(Data records)
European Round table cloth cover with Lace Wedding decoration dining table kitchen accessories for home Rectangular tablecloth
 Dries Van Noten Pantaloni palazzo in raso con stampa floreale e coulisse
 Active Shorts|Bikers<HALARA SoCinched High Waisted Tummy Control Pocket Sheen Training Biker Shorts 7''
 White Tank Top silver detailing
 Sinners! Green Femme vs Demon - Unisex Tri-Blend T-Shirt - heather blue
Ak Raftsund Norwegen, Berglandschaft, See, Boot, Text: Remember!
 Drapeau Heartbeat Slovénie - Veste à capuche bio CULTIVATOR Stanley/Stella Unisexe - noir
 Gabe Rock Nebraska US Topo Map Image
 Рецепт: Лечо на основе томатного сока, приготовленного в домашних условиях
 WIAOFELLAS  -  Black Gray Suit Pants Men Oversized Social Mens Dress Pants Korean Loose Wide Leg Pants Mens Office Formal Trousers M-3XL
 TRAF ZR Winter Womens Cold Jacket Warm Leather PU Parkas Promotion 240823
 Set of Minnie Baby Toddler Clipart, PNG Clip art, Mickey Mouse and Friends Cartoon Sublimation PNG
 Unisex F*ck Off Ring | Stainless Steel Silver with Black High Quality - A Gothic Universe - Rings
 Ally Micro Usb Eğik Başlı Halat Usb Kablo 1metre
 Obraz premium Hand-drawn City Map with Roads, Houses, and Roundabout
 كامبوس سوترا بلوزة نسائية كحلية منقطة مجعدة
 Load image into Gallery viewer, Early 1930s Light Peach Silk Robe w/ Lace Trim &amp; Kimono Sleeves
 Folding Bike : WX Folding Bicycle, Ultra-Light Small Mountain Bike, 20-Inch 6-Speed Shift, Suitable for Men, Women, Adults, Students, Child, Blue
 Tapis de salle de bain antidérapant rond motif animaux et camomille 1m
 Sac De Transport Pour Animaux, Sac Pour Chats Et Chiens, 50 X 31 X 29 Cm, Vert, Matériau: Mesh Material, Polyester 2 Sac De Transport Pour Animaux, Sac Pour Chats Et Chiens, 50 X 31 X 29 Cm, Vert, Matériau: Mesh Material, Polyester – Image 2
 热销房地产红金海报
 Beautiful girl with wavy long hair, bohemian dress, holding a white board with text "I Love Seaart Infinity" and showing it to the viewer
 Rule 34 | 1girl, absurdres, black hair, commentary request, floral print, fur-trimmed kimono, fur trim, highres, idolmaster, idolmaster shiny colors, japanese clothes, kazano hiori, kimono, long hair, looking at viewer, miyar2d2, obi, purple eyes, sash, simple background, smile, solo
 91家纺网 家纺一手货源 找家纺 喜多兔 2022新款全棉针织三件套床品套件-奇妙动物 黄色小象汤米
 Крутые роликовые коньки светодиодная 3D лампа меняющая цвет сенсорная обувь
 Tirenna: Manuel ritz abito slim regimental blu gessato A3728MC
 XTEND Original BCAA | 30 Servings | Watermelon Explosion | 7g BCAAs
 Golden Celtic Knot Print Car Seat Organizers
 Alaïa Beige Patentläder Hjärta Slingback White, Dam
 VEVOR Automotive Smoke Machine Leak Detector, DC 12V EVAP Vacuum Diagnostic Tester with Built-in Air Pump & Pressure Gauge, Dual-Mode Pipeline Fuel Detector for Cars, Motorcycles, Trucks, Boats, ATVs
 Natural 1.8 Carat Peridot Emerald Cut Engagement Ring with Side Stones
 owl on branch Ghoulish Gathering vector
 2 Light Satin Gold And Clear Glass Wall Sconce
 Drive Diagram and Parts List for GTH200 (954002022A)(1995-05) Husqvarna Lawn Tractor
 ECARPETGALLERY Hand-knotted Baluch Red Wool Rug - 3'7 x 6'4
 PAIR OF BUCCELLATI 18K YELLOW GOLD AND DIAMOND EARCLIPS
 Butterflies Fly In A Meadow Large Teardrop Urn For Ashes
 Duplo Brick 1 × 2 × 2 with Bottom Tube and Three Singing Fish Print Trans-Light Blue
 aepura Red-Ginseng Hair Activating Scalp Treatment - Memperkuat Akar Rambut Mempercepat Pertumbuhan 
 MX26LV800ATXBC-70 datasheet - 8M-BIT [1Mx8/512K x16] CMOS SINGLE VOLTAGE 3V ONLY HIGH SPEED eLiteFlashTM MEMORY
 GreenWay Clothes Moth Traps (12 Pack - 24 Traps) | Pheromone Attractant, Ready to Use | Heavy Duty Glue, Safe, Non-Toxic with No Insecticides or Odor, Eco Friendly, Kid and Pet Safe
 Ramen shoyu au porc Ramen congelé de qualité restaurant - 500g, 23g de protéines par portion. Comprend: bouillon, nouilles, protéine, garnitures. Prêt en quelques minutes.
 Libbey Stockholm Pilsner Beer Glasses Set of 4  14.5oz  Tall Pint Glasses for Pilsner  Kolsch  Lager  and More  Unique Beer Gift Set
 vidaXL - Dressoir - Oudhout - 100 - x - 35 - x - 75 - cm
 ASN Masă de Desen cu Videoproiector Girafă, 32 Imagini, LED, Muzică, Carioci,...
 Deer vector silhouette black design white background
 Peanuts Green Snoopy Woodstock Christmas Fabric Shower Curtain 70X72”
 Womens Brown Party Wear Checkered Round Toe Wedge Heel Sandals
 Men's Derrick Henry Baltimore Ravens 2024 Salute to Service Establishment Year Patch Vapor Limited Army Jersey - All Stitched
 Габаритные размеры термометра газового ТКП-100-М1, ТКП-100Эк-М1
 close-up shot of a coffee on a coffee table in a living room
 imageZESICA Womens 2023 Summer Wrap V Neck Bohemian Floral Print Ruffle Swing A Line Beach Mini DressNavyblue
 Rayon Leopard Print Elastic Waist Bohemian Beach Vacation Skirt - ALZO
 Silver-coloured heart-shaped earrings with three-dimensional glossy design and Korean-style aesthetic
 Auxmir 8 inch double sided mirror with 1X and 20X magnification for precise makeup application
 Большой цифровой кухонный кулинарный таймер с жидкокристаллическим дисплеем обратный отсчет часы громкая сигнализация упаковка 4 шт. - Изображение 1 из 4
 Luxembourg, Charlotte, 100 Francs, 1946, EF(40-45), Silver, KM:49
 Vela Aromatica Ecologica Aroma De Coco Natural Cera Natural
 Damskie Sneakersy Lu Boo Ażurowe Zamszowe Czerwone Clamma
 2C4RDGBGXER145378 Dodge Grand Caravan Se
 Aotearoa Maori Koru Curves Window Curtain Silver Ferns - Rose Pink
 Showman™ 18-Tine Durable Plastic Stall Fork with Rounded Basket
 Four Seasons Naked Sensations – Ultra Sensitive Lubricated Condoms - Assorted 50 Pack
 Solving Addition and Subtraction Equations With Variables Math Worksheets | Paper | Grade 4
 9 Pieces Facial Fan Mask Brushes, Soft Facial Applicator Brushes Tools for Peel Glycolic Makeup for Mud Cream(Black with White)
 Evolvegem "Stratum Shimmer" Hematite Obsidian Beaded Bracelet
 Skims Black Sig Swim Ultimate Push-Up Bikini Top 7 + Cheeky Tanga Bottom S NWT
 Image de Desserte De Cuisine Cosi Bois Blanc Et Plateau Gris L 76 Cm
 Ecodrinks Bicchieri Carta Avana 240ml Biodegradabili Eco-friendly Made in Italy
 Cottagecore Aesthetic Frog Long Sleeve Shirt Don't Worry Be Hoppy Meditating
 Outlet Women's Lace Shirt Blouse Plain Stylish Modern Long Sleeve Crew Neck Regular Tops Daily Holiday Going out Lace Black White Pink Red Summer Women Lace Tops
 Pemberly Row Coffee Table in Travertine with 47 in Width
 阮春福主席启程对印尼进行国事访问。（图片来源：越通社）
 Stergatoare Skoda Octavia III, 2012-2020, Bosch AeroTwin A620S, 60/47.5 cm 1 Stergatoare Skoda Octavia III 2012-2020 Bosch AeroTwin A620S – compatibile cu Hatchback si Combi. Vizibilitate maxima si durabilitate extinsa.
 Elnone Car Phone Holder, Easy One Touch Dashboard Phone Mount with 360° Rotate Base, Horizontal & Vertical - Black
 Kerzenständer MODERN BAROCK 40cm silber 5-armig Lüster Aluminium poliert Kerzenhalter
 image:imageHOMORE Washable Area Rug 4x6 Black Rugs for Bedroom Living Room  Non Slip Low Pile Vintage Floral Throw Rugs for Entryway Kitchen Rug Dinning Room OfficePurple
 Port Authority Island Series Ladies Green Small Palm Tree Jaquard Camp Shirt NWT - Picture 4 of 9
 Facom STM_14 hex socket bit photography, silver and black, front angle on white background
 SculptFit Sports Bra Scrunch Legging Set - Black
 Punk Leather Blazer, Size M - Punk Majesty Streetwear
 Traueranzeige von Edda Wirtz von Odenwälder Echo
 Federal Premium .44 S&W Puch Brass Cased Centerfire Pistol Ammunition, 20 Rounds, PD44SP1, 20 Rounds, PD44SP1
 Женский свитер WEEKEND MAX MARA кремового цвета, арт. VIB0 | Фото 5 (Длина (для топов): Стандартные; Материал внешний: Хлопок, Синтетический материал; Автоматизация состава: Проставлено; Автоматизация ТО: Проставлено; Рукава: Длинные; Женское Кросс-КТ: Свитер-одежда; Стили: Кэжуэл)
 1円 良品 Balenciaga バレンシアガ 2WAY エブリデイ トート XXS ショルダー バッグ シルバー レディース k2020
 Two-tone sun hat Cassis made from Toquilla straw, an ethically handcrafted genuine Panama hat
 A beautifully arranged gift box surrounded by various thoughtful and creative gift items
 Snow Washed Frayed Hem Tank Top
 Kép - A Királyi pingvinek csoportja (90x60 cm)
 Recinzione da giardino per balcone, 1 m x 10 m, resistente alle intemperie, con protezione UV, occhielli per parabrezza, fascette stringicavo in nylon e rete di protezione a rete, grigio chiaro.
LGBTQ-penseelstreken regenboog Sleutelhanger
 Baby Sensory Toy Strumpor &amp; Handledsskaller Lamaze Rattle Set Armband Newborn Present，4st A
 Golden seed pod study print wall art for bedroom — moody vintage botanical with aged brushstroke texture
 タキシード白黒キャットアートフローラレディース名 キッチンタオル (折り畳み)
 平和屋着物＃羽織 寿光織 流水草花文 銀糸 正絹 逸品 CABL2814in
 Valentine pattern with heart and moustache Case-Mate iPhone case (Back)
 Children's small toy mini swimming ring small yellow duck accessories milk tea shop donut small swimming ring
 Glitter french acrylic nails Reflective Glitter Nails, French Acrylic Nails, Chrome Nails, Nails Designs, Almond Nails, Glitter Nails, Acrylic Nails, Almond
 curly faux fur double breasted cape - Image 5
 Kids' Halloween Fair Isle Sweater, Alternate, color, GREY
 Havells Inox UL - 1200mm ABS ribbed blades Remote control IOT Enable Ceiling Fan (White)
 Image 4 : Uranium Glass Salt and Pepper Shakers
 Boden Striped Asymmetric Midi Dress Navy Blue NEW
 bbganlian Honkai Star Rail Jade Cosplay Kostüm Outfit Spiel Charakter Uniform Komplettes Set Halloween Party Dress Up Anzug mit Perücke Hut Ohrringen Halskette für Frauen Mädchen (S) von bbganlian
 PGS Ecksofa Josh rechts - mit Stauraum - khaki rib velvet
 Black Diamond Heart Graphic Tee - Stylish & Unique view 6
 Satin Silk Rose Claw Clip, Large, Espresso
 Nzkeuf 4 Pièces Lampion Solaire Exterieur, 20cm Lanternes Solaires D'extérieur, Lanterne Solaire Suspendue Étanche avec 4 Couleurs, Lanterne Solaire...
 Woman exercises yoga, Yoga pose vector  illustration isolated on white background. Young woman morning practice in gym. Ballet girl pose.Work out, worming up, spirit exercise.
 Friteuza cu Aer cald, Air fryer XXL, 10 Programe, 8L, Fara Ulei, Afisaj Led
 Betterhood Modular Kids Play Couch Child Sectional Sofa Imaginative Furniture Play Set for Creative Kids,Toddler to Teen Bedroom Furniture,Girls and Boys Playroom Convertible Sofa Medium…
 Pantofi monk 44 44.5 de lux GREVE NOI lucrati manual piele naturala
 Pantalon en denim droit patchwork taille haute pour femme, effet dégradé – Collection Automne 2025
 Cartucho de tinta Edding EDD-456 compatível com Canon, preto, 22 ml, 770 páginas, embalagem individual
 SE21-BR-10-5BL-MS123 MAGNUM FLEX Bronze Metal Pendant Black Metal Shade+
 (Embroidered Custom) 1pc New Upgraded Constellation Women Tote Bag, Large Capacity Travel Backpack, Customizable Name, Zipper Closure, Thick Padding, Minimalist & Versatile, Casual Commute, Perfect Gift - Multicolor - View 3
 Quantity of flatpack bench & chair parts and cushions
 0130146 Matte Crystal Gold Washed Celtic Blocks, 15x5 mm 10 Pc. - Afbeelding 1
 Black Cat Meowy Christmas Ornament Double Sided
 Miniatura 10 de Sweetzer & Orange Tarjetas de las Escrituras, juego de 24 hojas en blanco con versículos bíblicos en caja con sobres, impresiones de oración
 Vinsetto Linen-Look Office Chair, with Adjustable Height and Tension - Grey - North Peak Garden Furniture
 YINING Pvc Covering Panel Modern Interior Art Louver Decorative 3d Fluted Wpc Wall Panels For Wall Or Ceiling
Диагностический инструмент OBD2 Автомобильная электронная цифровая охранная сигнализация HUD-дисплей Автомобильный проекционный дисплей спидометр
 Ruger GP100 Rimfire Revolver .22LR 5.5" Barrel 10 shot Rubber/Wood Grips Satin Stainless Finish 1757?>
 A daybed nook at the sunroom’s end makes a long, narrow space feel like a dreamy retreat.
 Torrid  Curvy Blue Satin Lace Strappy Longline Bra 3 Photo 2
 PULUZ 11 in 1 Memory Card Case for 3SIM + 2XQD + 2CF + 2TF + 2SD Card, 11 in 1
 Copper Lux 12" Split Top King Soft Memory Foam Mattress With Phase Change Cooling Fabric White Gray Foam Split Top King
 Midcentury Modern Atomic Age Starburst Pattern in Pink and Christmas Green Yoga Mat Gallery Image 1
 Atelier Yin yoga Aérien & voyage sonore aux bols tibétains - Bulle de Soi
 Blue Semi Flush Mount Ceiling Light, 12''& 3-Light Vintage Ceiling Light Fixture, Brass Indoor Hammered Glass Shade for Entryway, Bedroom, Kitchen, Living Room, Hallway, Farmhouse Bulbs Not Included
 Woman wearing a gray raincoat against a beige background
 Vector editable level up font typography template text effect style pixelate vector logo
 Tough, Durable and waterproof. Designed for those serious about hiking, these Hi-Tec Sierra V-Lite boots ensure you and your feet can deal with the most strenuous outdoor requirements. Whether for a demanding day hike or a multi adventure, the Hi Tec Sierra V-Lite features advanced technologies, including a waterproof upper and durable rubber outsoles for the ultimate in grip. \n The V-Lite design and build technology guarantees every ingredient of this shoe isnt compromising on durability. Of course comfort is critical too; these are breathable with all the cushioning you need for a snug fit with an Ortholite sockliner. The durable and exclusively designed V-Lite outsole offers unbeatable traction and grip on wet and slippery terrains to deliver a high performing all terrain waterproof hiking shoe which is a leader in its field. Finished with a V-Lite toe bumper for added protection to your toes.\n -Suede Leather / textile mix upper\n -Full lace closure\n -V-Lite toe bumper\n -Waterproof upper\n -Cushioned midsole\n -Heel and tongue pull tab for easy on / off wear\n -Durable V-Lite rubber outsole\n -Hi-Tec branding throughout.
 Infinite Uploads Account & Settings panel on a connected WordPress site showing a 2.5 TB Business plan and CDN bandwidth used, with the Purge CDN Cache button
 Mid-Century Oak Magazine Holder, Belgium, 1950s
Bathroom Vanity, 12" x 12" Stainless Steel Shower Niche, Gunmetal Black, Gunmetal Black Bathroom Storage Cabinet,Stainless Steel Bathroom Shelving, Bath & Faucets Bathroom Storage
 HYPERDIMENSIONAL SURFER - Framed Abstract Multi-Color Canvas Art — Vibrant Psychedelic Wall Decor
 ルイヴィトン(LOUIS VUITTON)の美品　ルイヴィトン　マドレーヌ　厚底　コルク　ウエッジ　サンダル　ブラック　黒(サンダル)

WORK REQUEST: The lines above starting at the one that contains "Рецепт: Лечо на" and ending at the one that contains "Beautiful girl with" must be transcribed exactly, and no other lines may appear.

THE COMPLETED TASK:
 Рецепт: Лечо на основе томатного сока, приготовленного в домашних условиях
 WIAOFELLAS  -  Black Gray Suit Pants Men Oversized Social Mens Dress Pants Korean Loose Wide Leg Pants Mens Office Formal Trousers M-3XL
 TRAF ZR Winter Womens Cold Jacket Warm Leather PU Parkas Promotion 240823
 Set of Minnie Baby Toddler Clipart, PNG Clip art, Mickey Mouse and Friends Cartoon Sublimation PNG
 Unisex F*ck Off Ring | Stainless Steel Silver with Black High Quality - A Gothic Universe - Rings
 Ally Micro Usb Eğik Başlı Halat Usb Kablo 1metre
 Obraz premium Hand-drawn City Map with Roads, Houses, and Roundabout
 كامبوس سوترا بلوزة نسائية كحلية منقطة مجعدة
 Load image into Gallery viewer, Early 1930s Light Peach Silk Robe w/ Lace Trim &amp; Kimono Sleeves
 Folding Bike : WX Folding Bicycle, Ultra-Light Small Mountain Bike, 20-Inch 6-Speed Shift, Suitable for Men, Women, Adults, Students, Child, Blue
 Tapis de salle de bain antidérapant rond motif animaux et camomille 1m
 Sac De Transport Pour Animaux, Sac Pour Chats Et Chiens, 50 X 31 X 29 Cm, Vert, Matériau: Mesh Material, Polyester 2 Sac De Transport Pour Animaux, Sac Pour Chats Et Chiens, 50 X 31 X 29 Cm, Vert, Matériau: Mesh Material, Polyester – Image 2
 热销房地产红金海报
 Beautiful girl with wavy long hair, bohemian dress, holding a white board with text "I Love Seaart Infinity" and showing it to the viewer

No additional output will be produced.